Assignment:
Begin at the line containing "2004 W Calle" in the entries below and end at the line containing "Ceylon Natural Yellow"; transcribe that range exactly and nothing outside it.

Working data:
::::

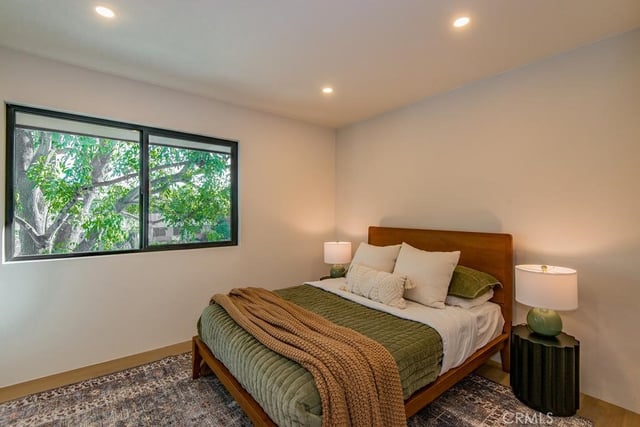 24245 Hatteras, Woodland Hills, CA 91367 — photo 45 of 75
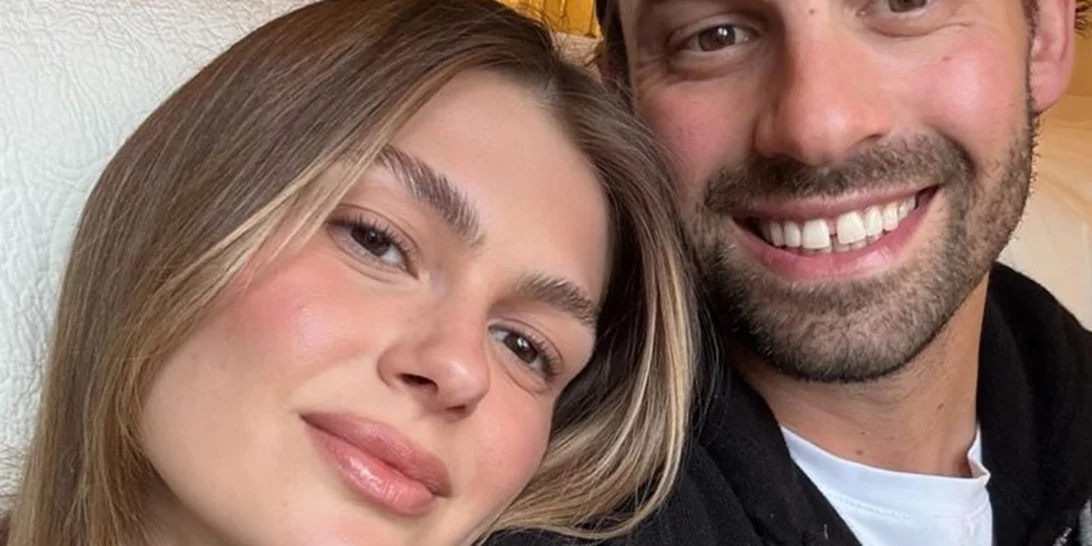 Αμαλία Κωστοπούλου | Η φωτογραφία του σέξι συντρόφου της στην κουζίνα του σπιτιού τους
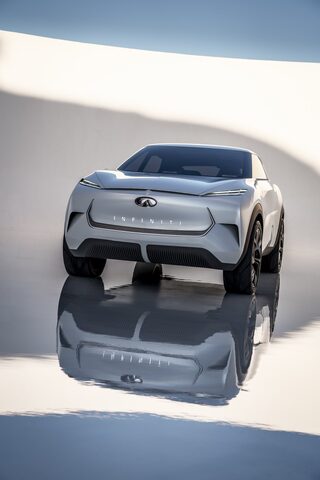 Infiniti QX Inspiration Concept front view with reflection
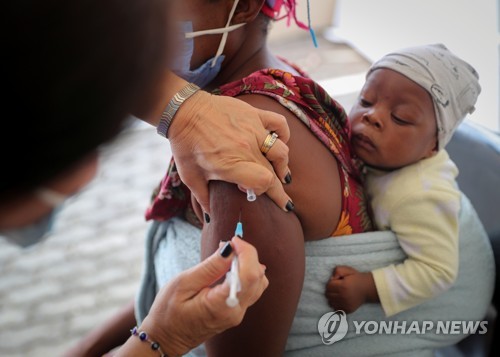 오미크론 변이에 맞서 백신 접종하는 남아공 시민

::::

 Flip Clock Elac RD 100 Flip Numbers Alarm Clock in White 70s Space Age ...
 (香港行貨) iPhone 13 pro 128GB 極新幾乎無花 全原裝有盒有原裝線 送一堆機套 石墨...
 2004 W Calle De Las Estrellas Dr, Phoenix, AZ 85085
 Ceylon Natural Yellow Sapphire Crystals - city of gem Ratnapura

::::

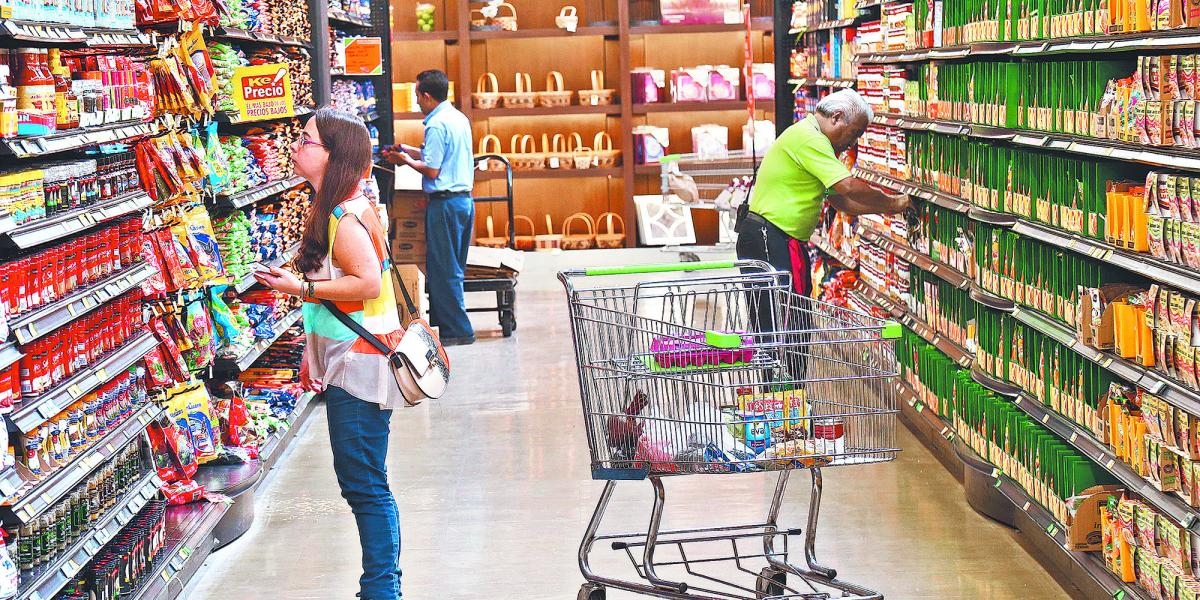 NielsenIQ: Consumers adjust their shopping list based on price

::::

Reply:
 2004 W Calle De Las Estrellas Dr, Phoenix, AZ 85085
 Ceylon Natural Yellow Sapphire Crystals - city of gem Ratnapura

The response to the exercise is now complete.